Historischer Abriss. Feministische Erkenntnistheorien entstanden im Zuge der internationalen Frauenbewegung der 1970er Jahre. Im deutschen Sprachraum entwickelten sie sich zunächst an den Rändern der akademischen Philosophie. Sie bauten einerseits auf dem ideologiekritischen Impetus einer interdisziplinären feministischen Wissenschaftskritik auf. Diese bezog sich nicht nur auf den Ausschluss von Frauen aus der institutionellen Verfasstheit der Wissenschaften, sondern deckte androzentrische Elemente in vorgeblich objektiven wissenschaftlichen Theorien auf. Dies betraf die Gesellschafts- und Kulturwissenschaften ebenso wie die Natur- und Technikwissenschaften (Hausen/Nowotny 1986; Krüll 1990). Andererseits knüpften feministische Erkenntnistheorien an die feministische Vernunftkritik innerhalb der Philosophie an. Hier richtete sich die Kritik gegen androzentrische Rationalitätskonzeptionen in der Philosophiegeschichte (Bendkowsky/Weisshaupt 1983). Dabei bewegte sich die Debatte von der Gegenüberstellung einer „weiblichen“ und einer „männlichen“ Vernunft hin zu einer Diskussion der Nutzbarmachung aufklärerischer, insbesondere Kant’scher Vernunftbegriffe für Gegenentwürfe in Hinsicht eines Denkens für eine Gesellschaft ohne Diskriminierung von Frauen (Konnertz 1988; Nagl-Docekal 1990). Die in der aristotelischen und Frege’schen Logik enthaltene Abkehr von der (komplexeren) Alltagssprache wurde als Verschweigen ontologischer (androzentrischer) Vorannahmen analysiert und einer faszinationshistorischen Deutung entlang zugeschriebener binärer Geschlechternormen zugeführt (Trettin 1991). Neuere Ansätze bauen auf den im angelsächsischen Sprachraum entwickelten feministischen Epistemologien auf, welche Postulate einer an den Naturwissenschaften orientierten analytischen Epistemologie mit Methoden der marxistischen Philosophie konfrontieren (Ernst 1999; Nagl-Docekal 2000). Hier kommt der Verortung von Erkenntnisproduktion und Wissensansprüchen im soziokulturellen Sinn (Singer 2005) sowie im historischen Sinn (List 2007) eine besondere Bedeutung zu. In der Kritik an der symbolischen Ordnung eines psychoanalytisch begründeten „Phallogozentrismus“ entstanden in Frankreich und Italien eine weitere Spielart der feministischen Vernunftkritik sowie Gegenentwürfe unter dem Stichwort eines „weiblichen Denkens“ (Irigaray 1980; Liberia delle donne di Milano 1987).

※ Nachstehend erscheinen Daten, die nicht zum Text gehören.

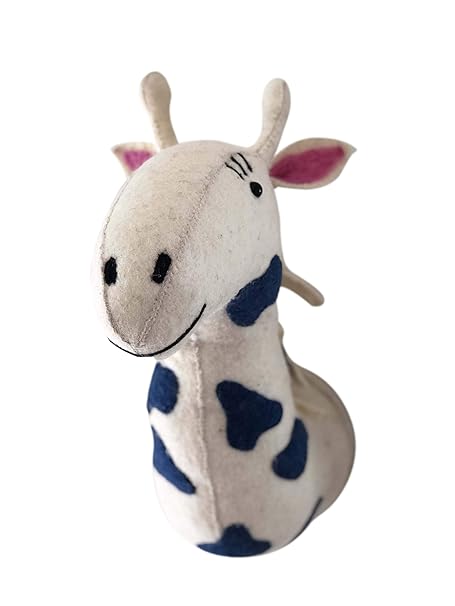 stuffed giraffe head wall mount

Im angelsächsischen Sprachraum, und besonders in den USA, entstand ausgehend von einigen Schlüsselpublikationen (Harding/Hintikka 1983; Alcoff/Potter 1993) schnell ein dichterer Diskurs feministischer erkenntnistheoretischer Positionen. Auch wenn die Problemstellungen, theoretischen Perspektiven und Positionen stark variierten, stand der institutionelle Bezugsrahmen einer feministischen Epistemologie – im Gegensatz zu den kontinentaleuropäischen Entwicklungen – nicht zur Debatte. Anders ausgedrückt: Der angelsächsische Diskurs um feministische Erkenntnistheorien errang bis heute weitaus größere materiell abgesicherte Positionen in der akademischen Philosophie als in Kontinentaleuropa – und konnte entsprechend florieren. Im Folgenden werde ich mich hauptsächlich darauf beziehen.
Bedeutung feministischer Erkenntnistheorien innerhalb der Erkenntnistheorie und für die Philosophie, die Wissenschaften und die Gesellschaft. Feministische Erkenntnistheorien verfolgen ein ideologiekritisches Erkenntnisinteresse und leisten somit einen wichtigen Beitrag zur kritischen Reflexion und Weiterentwicklung anderer erkenntnistheoretischer Ansätze. Feministische Erkenntnistheorien loten das Verhältnis von epistemischer Argumentation zu politischer und moralischer Argumentation in wissenschaftlichen Theorien aus und verbinden so wesentliche philosophische Teilgebiete. Feministische Erkenntnistheorien entwickeln und erproben sich im interdisziplinären Diskurs der Gender Studies an aktuellen wissenschaftlichen Themen aus verschiedensten Disziplinen, erörtern ihre epistemologischen Implikationen in einem wissenschaftshistorischen Zusammenhang und ermöglichen so eine tief greifende Reflexion und Begründung der Wissenschaften. Indem feministische Erkenntnistheorien die Erarbeitung und Etablierung wissenschaftlichen Wissens in umfassenden sozialen Prozessen untersuchen, leisten sie einen wichtigen Beitrag zum Verständnis der Rolle der Wissenschaften in der Gesellschaft. Mit ihrem Fokus auf die Geschlechterverhältnisse tragen sie zur Bearbeitung und Lösung bedeutender gesellschaftlicher Probleme bei.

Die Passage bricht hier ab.